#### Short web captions
—————

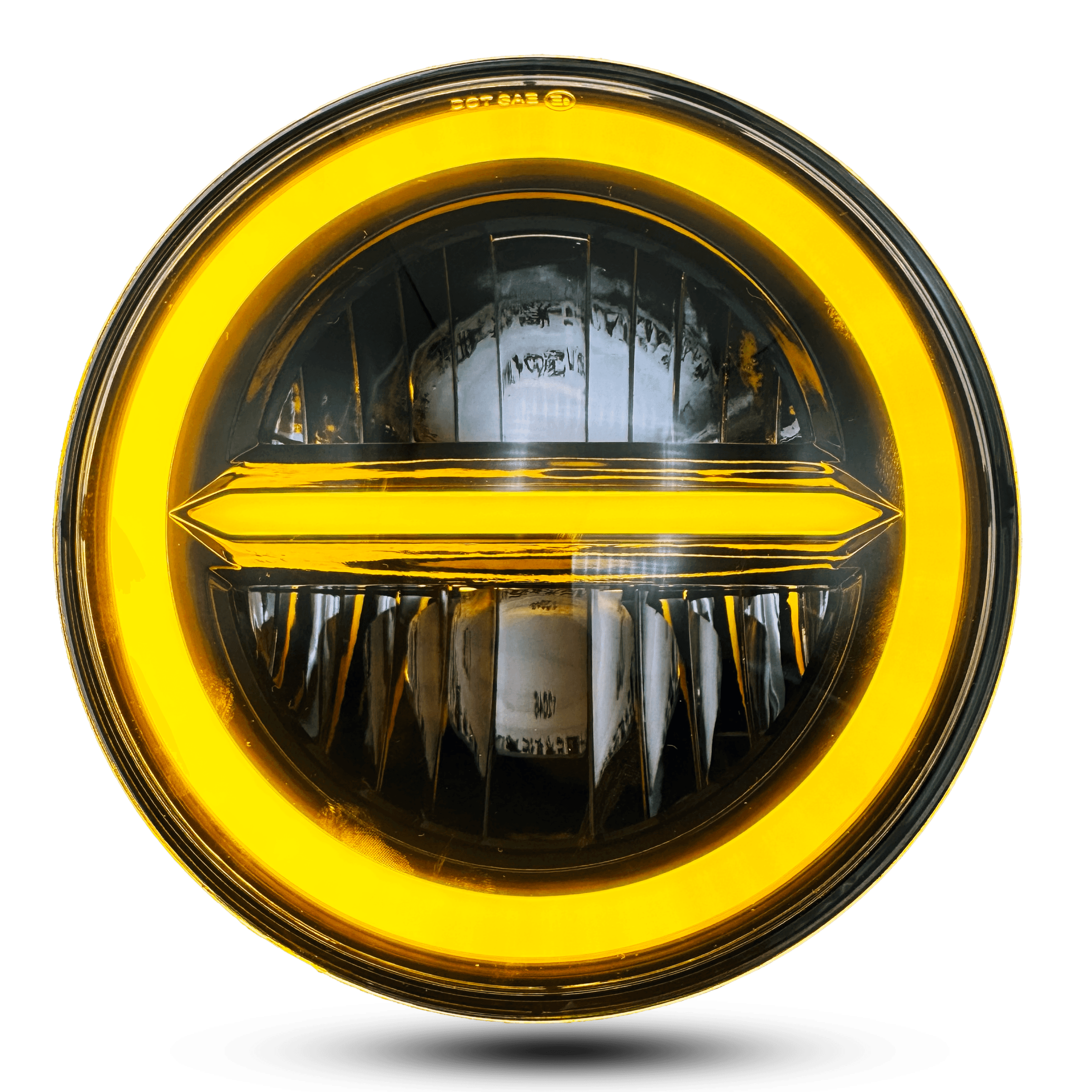led panel x7" motorcycle headlight: round, with a bright yellow halo ring and horizontal bar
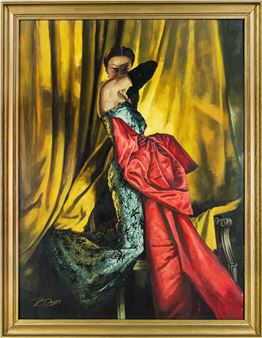 Racy beauty takes the viewer in front of a yellow curtain - FR. Degen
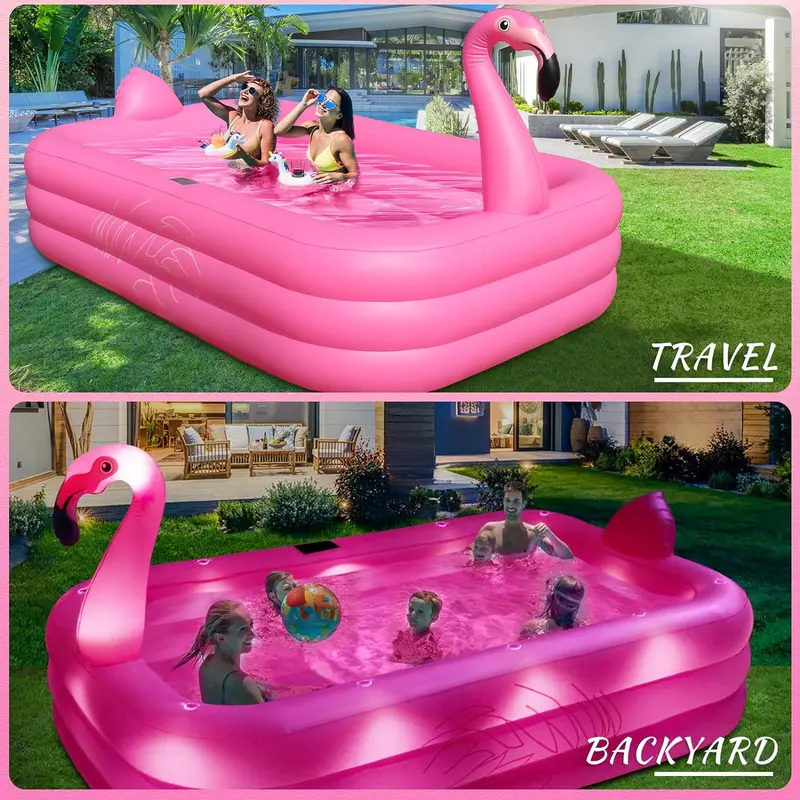 Solar-Powered LED Flamingo Inflatable Pool – Illuminated Backyard Splash Pool (105" x 65" x 25") with Thickened Walls for Kids & Adults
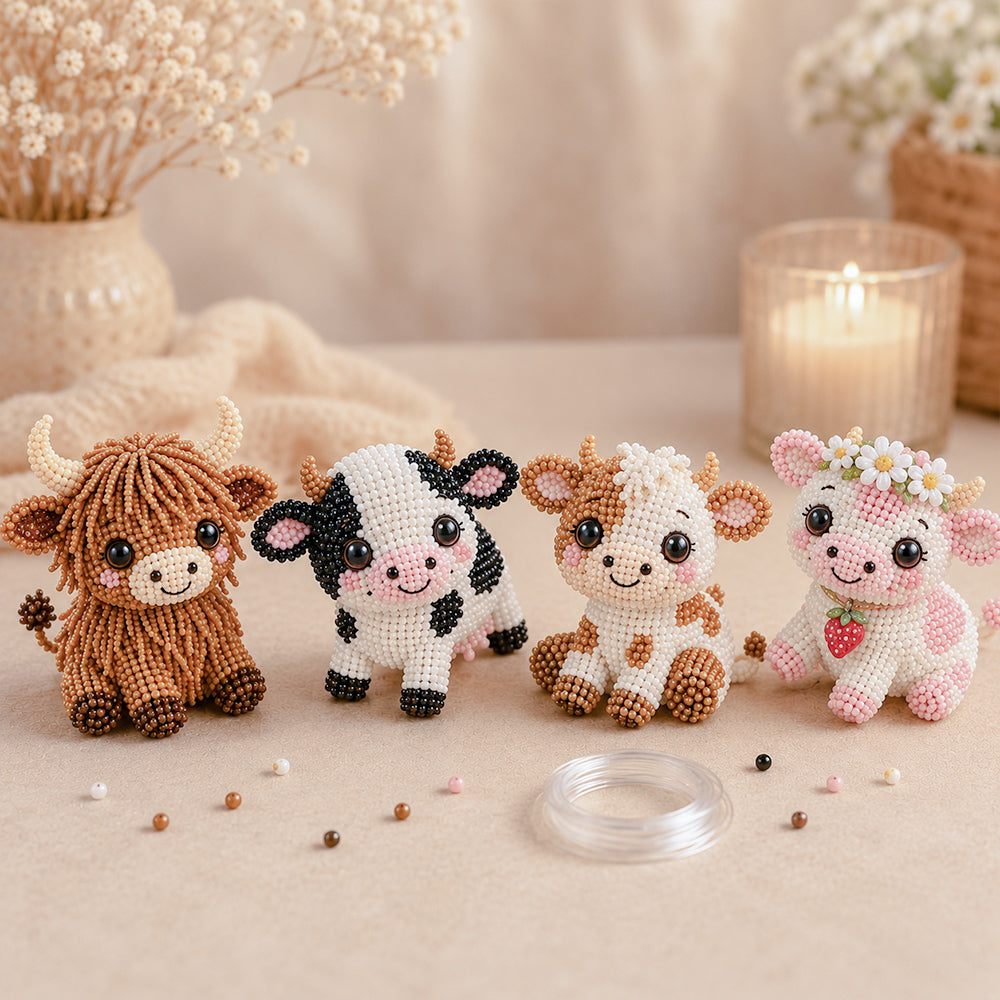 Cow family 3d beaded mini diy craft kits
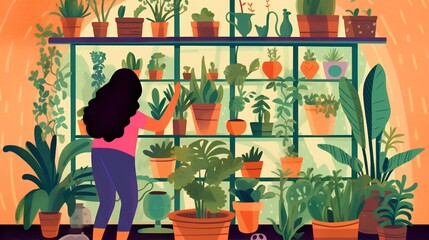 Obraz premium A stylized flat illustration presents a woman watering house plants, depicting the beauty and tranquility of indoor gardening and connection with nature. Generative AI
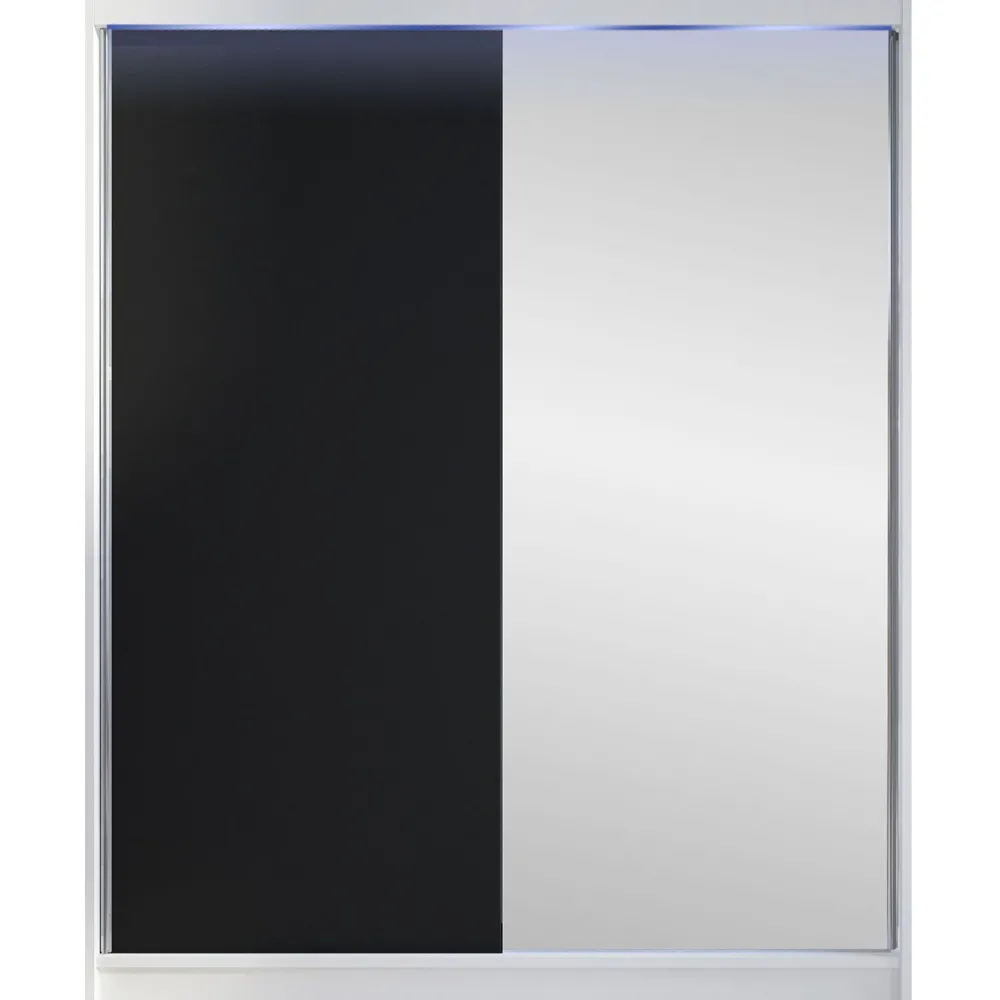 Clearance Liukuovivaatekaappi CAMINO I, LED-valaistuksella, peilillä, 150x200cm Liukuovikaapit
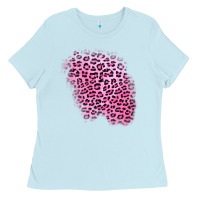 Baby Blue pink leopard patch Ladies Tee - AdoDesignShop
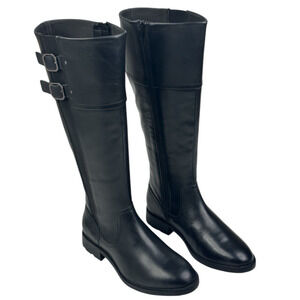 Clarks Adalynn Hope Black Leather Tall Riding Boots Womens 6.5W Side Zip $140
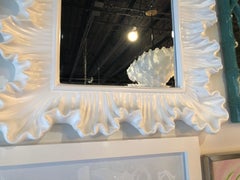 Vintage Ruffle Scalloped White Lacquered Wall Mirror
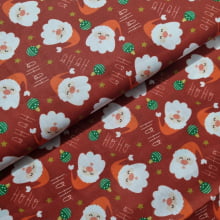 Tecido Digital Círculo Papai Noel HOHO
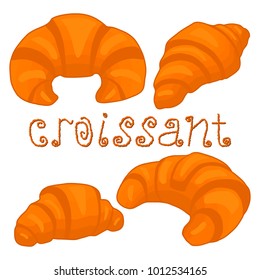 Illustration on theme fresh French pastry croissant from bakery. Sweet food pattern consisting of pastry croissant in bakery, natural product. Eat tasty pastry croissant of bakery covered in cream.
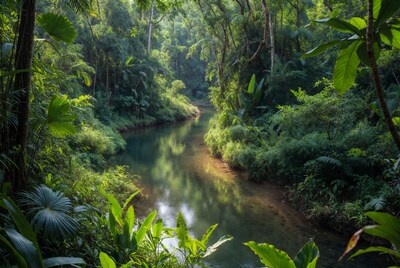 Serene river in lush rainforest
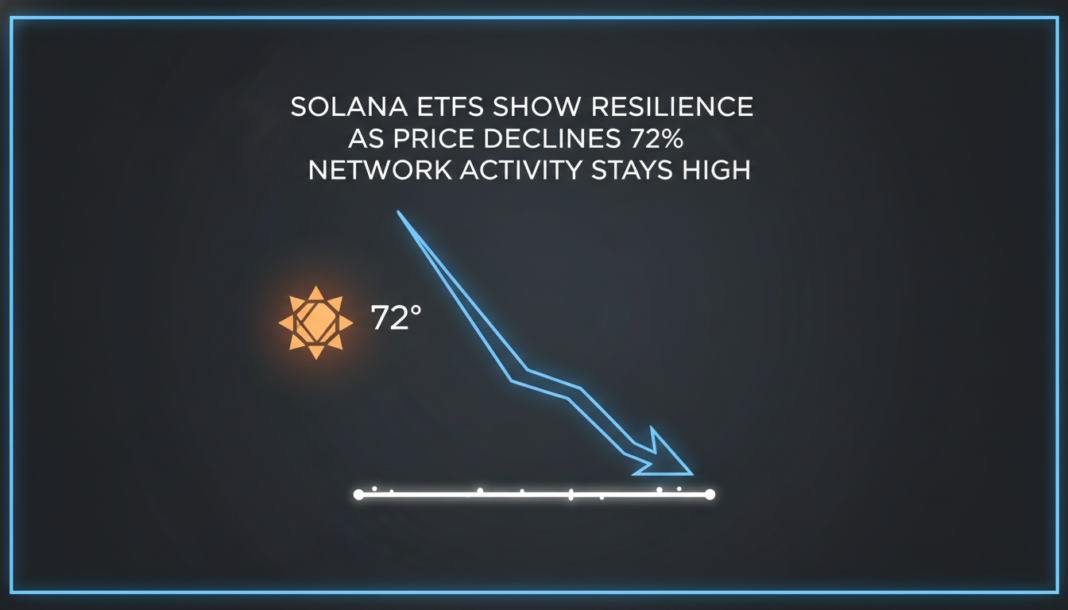 Solana ETFs Show Resilience as Price Declines 72%, Network Activity Stays High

—————

#### Exercise brief
Leave out every picture and copy, exactly as written, the lines from the one with "Vintage Ruffle Scalloped" through the end of the records above.

#### Response area
 Vintage Ruffle Scalloped White Lacquered Wall Mirror
 Tecido Digital Círculo Papai Noel HOHO
 Illustration on theme fresh French pastry croissant from bakery. Sweet food pattern consisting of pastry croissant in bakery, natural product. Eat tasty pastry croissant of bakery covered in cream.
 Serene river in lush rainforest
 Solana ETFs Show Resilience as Price Declines 72%, Network Activity Stays High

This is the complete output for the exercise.